In mid-November 2019, a couple weeks before the shows, we congregated once again in North Carolina and started rehearsing a set list. The interpersonal dynamics between us took less than an hour to return. Once again we had a whirlwind trip with back to back shows in Spain and Portugal. The festival in Spain had grown tremendously, which resulted in quite a dramatic "first show in 8 years" experience. We were able to play songs from our 2012 album for the very first time. The crowd was loud, warm and appreciative. Friends and fans traveled from around the world to attend. The feeling of crowds of people in another country connecting with our music and coming out in support is exhilarating. The whole thing was even more intense and rewarding than I anticipated.
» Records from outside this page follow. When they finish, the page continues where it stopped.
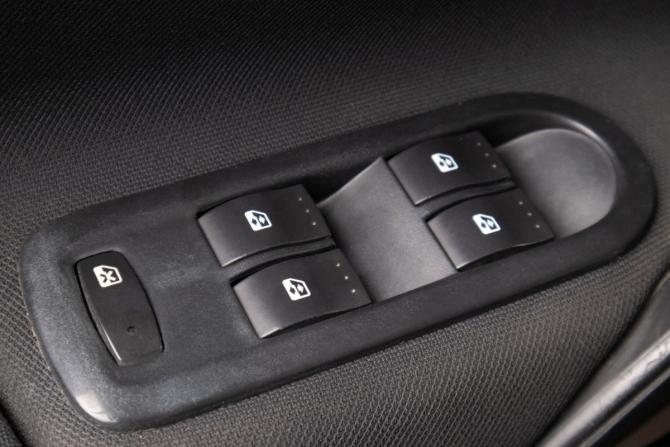 Renault Megane II Рестайлинг с пробегом 2009 года, цена 499 000 рублей, 218000 км, универсал, Автокод Объявления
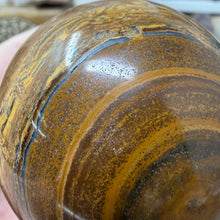 Bild in Galerie-Viewer laden, Tiger Iron 65mm Sphere #03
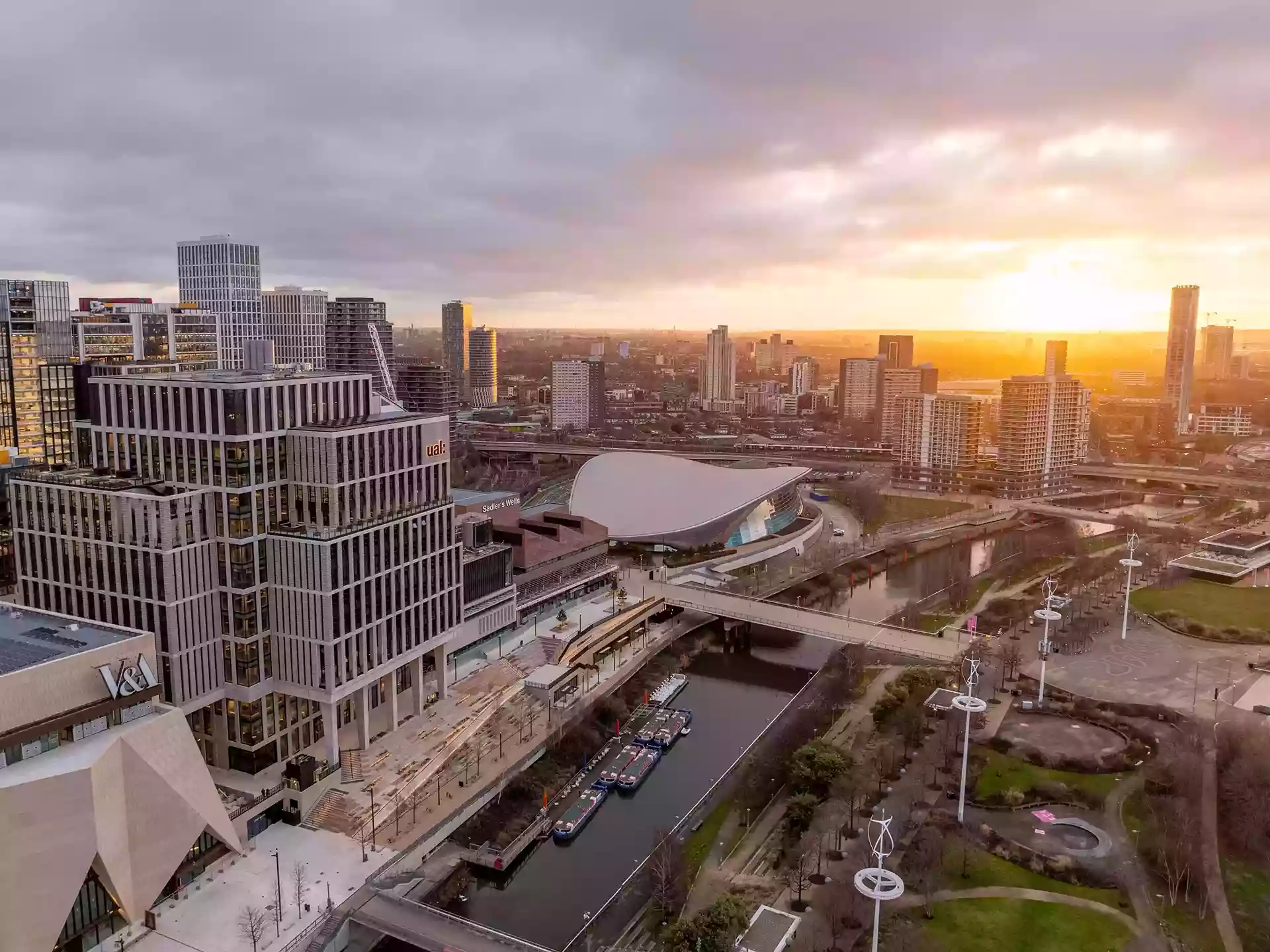 London College of Fashion, UAL - FPV flythrough for Portview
Photo from behind the drum set, Madrid is the Dark, December, 2019
The next day our flight from Madrid to Portugal was continually delayed and we began to wonder if we'd make it in time. By the time we landed in Lisbon, it was night, and we had missed our shuttle to the venue. We ordered a couple of Uber's, went directly to the venue, and played our set a couple of hours later. The lightning quick nature of this trip had caught up with us, and everyone headed to our rooms to try and get some sleep. The next day we woke up at 7am and flew home. This was the second time I'd been to Portugal and I'd seen basically nothing of the country. From what I saw of the 30 minute trip from the Airbnb to the airport, I know I want to come back—next time for vacation.
Performing in Lisbon, Portugal, 2019
The following day I was back at work, a bit dizzy and disoriented.
Without a doubt, it was completely worth it. We all feel pretty energized from the experience and have the intention to see the writing process through to finally shape it into another volume we're proud of. Hopefully less than 8 years will pass by the time that happens.